NASA’s Jet Propulsion Laboratory launched a new Website July 29 providing a centralized information resource on the asteroids and comets that, relatively speaking, whiz by Earth on a daily basis. There are a lot of them.
According to NASA, Earth is pummeled by more than 100 tons of material daily that spews off asteroids and comets, mostly just dust and very small particles. Once a day a basketball-sized object strikes Earth’s atmosphere and burns up, and several times a year a fragment the size of a small car hits Earth’s atmosphere.
On rare occasions, sizable fragments survive their fiery passage through Earth’s atmosphere and hit the surface, becoming meteorites.
“Most people have a fascination with near-Earth objects,” Don Yeomans, manager of NASA’s Near-Earth Object Program Office at JPL, said in a statement. “And I have to agree with them. I have studied them for over three decades, and I find them to be scientifically fascinating, and a few are potentially hazardous to Earth.
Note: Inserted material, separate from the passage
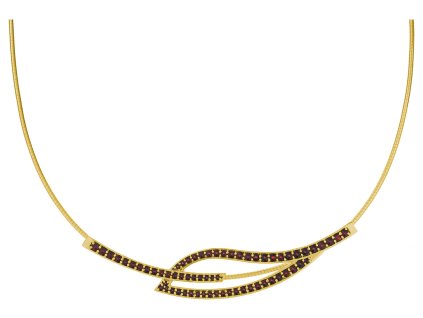 Silver necklace with czech garnet, gold plated - wave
The goal of our Website is to provide the public with the most up-to-date and accurate information on these intriguing objects.”
The site provides information on NASA’s missions to study comets, asteroids and near-Earth objects. It also provides the basic facts and the latest in science and research on these objects. News about near-Earth object discoveries and Earth flybys will be available and made accessible on the site via a downloadable widget and RSS feed.
“This innovative new Web application gives the public an unprecedented look at what’s going on in near-Earth space,” said Lindley Johnson, program executive for the Near-Earth Objects Observation program at NASA headquarters in Washington.